Uit oude clubbladen (17)
Het ‘van de Plassche-gebroed’, zo typeerde Anton van Rijn in Uit oude clubbladen (14) de zonen Ruud en Erik van de schakersfamilie Van de Plassche. Vader Ruud van de Plassche senior, die ook jarenlang bij UVS heeft gespeeld, bracht sterk schakende zonen voort: Ruud, die nog voorzitter van de club is geweest, Erik, die na zijn verhuizing naar Finland de bezoekers van onze website nog heeft vergast op de artikelenserie ‘Schaken in Helsinki’, en Bas, die met zijn rating van 2437 (2009) zijn heil nooit bij UVS heeft gezocht.

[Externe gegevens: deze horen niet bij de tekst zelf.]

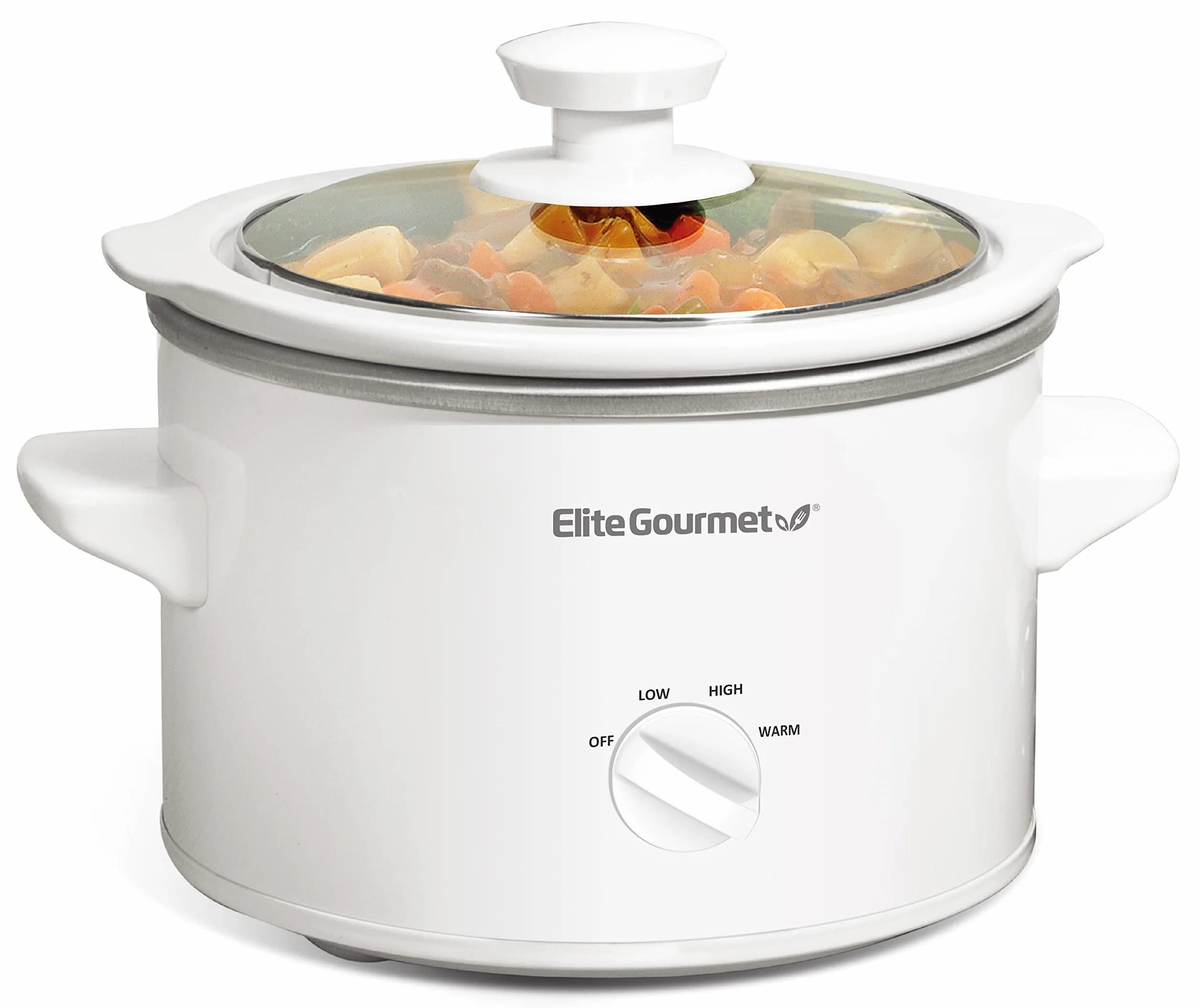 Elite Gourmet MST-250XW# elektryczny garnek ceramiczny, z regulacją temperatury, do przystawek, sosów, zup, smażeń, dań jednogarnkowych i dipów, nadaje się do mycia w zmywarce (1,7 l, biały)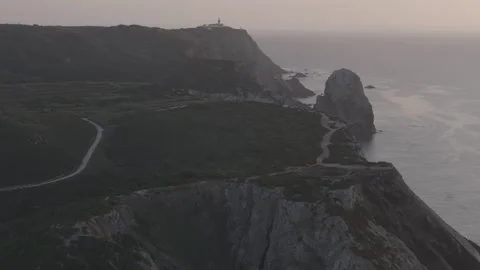 Exploring Cabo da Roca at dusk with breathtaking cliffs and coastal views Stock Footage 290373676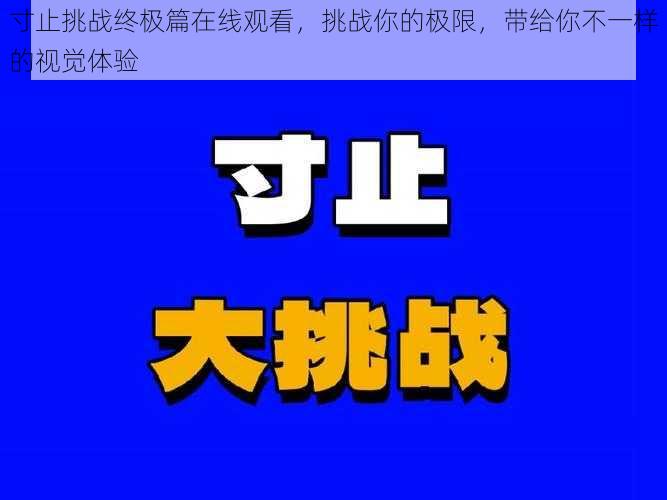 寸止挑战终极篇在线观看，挑战你的极限，带给你不一样的视觉体验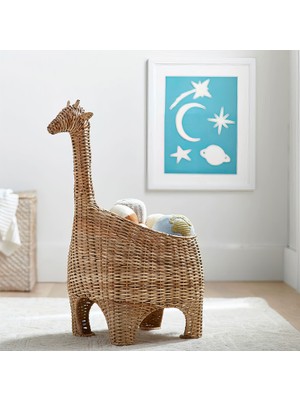 Rattan Zürafa Çocuk Odası Figürlü Organizer & Bohem Dekoratif Düzenleyici Sepet Oyuncak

Hier beschrijft Ruud zijn gebrek aan hardheid in een externe wedstrijd en wijdt Erik een stukje aan het ‘hinderen van de medestander’.
Uit: De MeesterZ 2003/2004, nr. 3, p. 10-12 en 13-14
Een schaker moet hard zijn
In de auto, op de terugweg na onze vierde wedstrijd tegen Stein, door ons weer glorieus gewonnen met 4½-3½, stelde Rob dat wij van UVS 1 momenteel zo goed scoren omdat we meer hardheid hebben gekregen. Vroeger in de promotieklasse gooiden we, na schitterend gespeeld te hebben, in de laatste speeluren hele en halve punten weg, nu houden we stug vol en halen soms zelfs de punten binnen door ‘op onze tegenstanders te blijven zitten’, zoals Rob het plastisch uitdrukte. De enige voor wie dat dit jaar niet geldt, is ondergetekende. Na dit seizoen reeds twee maal na de eerste tijdcontrole een half punt te hebben weggegeven, geef ik in mijn partij tegen Stein eerst een gewonnen stelling uit handen, waarna ik door mijn eigen blunder zo verpletterd ben dat ik opgeef in een remisestelling met hoogstens kansen voor mij. Lees en leef mee.
Wit: Ruud van de Plassche
Zwart: Stefan Simenon (verre familie van)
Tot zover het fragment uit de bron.